There'll be no major renovation happening at city hall this summer.
The City of Whitehorse is cancelling its plan to reconstruct city hall after the lowest bid it received late last month was more than $10 million over budget, Mayor Laura Cabott said Thursday.
Standing on the city hall steps, Cabott said that would have meant the city would have had to contribute $19 million to the project instead of $9 million, as it had budgeted.

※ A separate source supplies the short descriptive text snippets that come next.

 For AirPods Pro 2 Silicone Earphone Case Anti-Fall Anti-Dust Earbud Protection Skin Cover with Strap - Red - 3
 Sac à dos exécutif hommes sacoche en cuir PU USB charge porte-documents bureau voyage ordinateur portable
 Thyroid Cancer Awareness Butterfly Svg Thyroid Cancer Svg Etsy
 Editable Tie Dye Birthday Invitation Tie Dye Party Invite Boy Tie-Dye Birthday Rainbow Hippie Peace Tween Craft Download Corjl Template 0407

The rest of the funding would have come from federal and territorial sources.
The city initially estimated the project would cost $22 million.

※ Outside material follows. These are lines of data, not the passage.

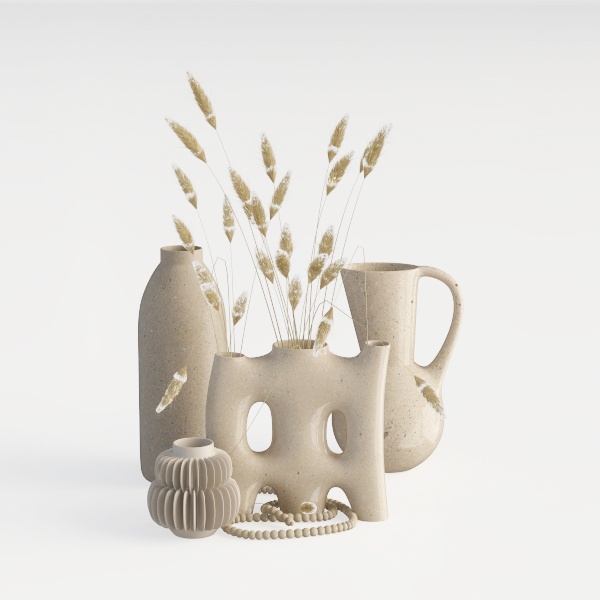 TERESA&#39;S COLLECTIONS Rustic Ceramic Vases for Home Decor-Warm Beige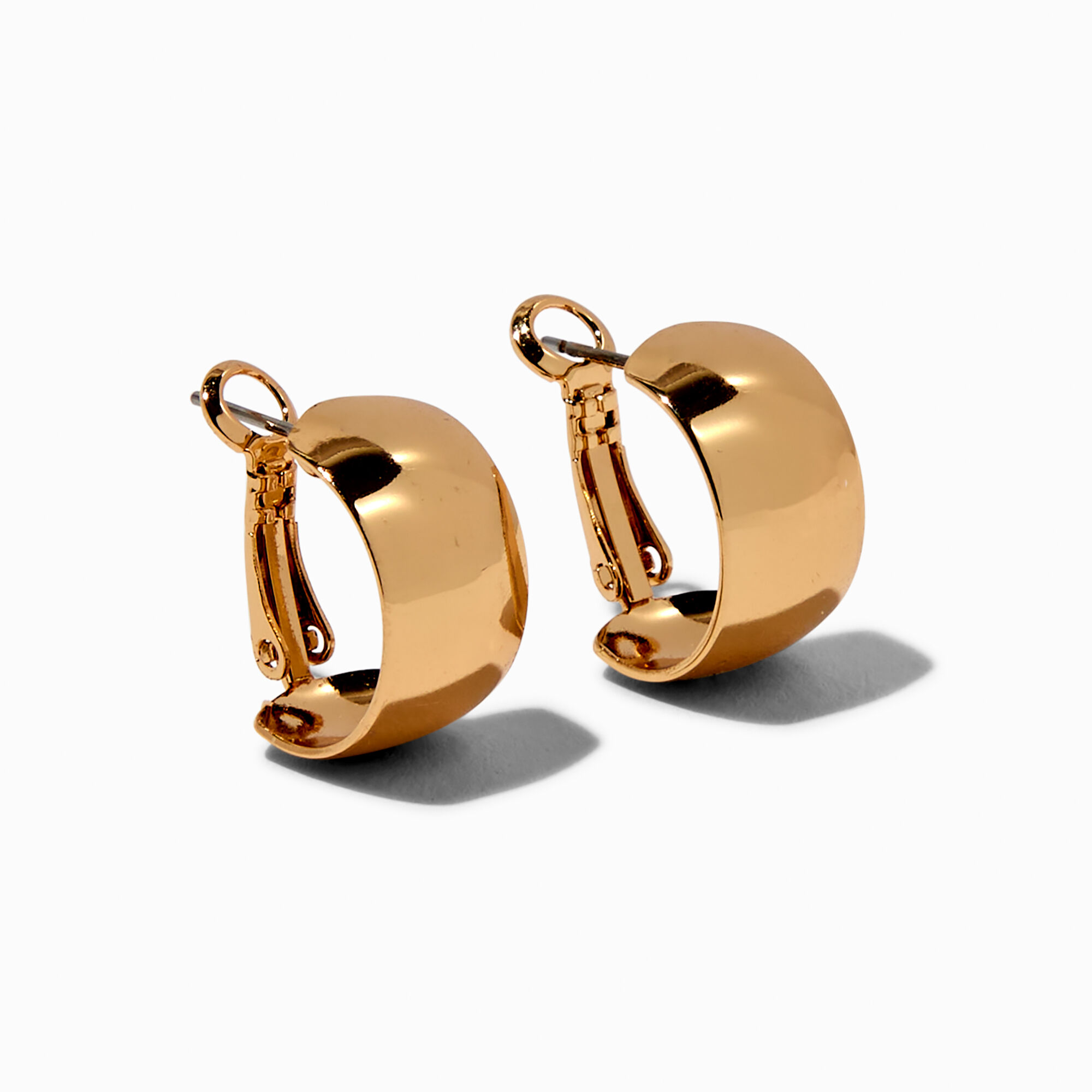 View Claires Tone Clutch Mini Hoop Earrings Gold information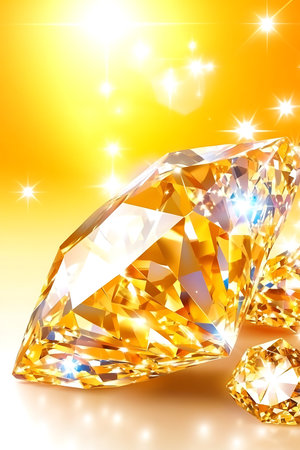 Diamond on a yellow background with bokeh effect. Vector illustration.の写真素材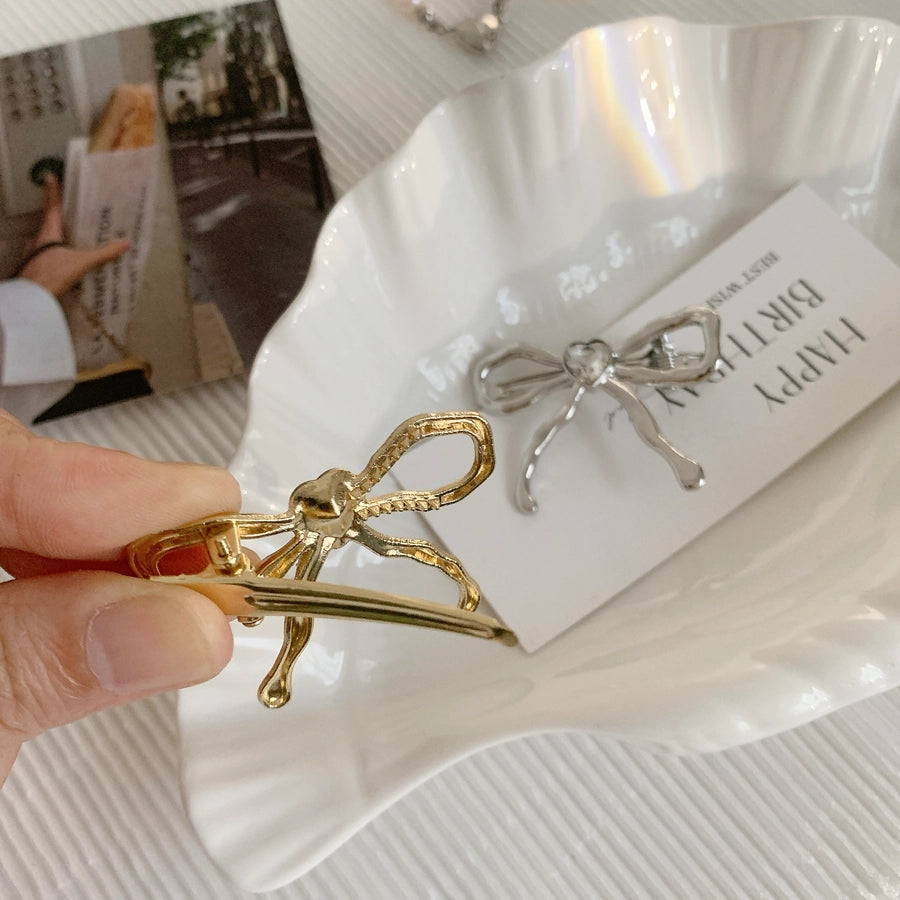Women's IG Style Sweet Heart Shape Bow Knot Metal Hollow Out Inlay Rhinestones Hair Clip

"We know that with the instability of the current world market and the increasing price of commodities such as steel, rebar, wood, copper, oil, aluminum, we are not comfortable moving forward on this project at this particular time," she said.
She added the city made the decision earlier this week.

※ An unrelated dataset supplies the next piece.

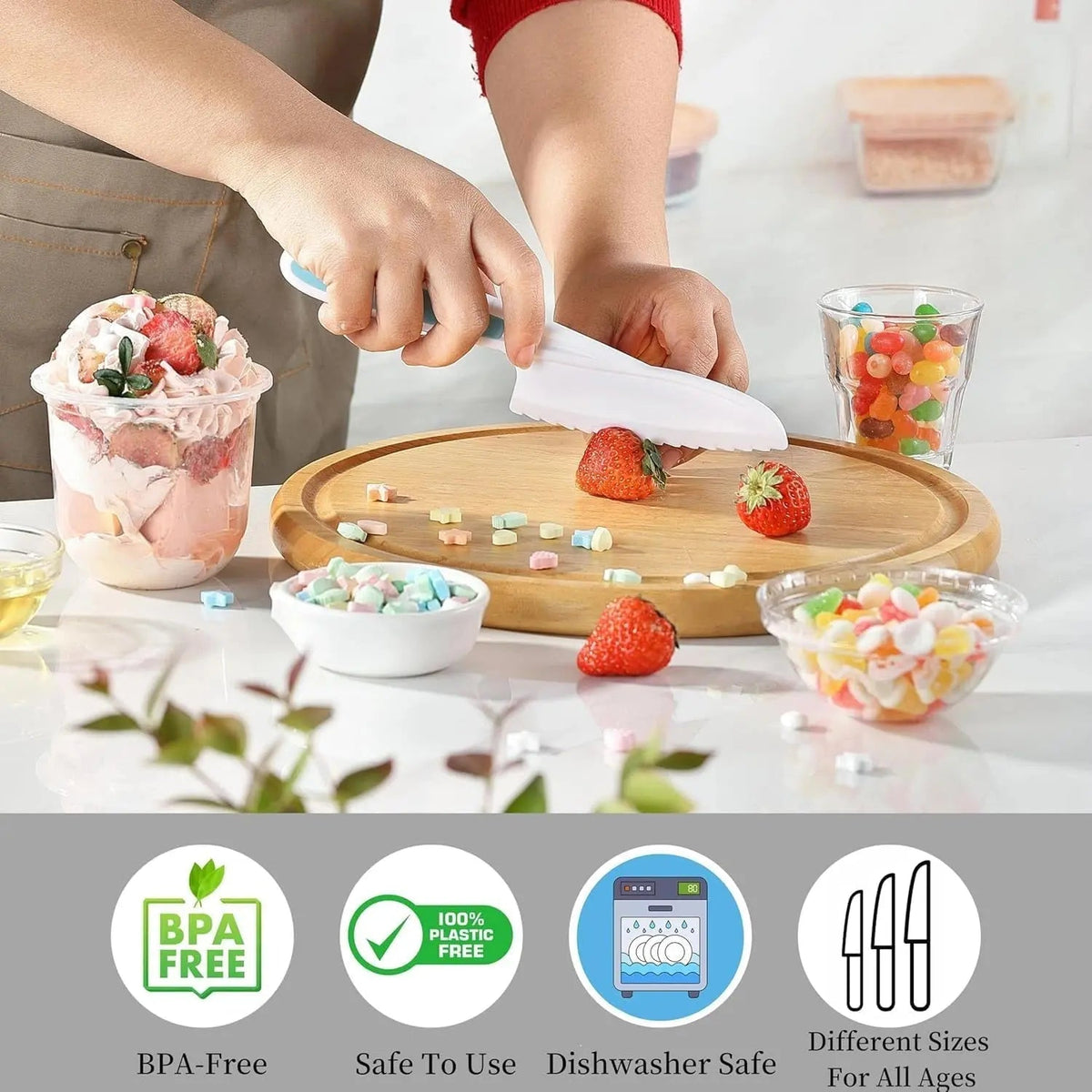 Child-friendly kitchen set with knife, peeler & board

The city announced plans in June 2021 to tear down the old fire hall and original city hall building, both of which date back to the 1960s, and renovate the addition that was built in 1987.
It said the reconstruction project was a consolidation of several downtown construction projects, and included building a transit hub, relocating the cenotaph and upgrading the existing city hall building.
Looking at options
Cabott said the city is now looking at different options as some work that would have been part of the reconstruction project still needs to be done.
She said the city hall building needs upgrades to be brought up to standard. Those include, among others, replacing the roof, addressing the mechanical, heating and electrical systems and doing some work on the front of the building.
Cabott said she expects the work will cost "at least a few million dollars."
She said the city made a conscious decision to defer significant maintenance costs over the years because they were going to be addressed by the reconstruction project.
"If … you don't invest in your vehicle because you know you're going to sell it in three years and then you decide you're not going to sell it, you're going to have to start putting some money into it. So that's the situation that we are in," she said.
Cabott added that the Small Communities Fund, which had approved $15.7 million in funding to the city, was extended to 2027 after being originally set to expire in 2024.
"That time will now give us an opportunity to look at other options to achieve our objectives," she said.
She added the city also still wants to create a downtown transit hub and needs to find room for city employees who are scattered across the city.
Cabott said construction on any of these projects would not start until 2023 because they would require new design work.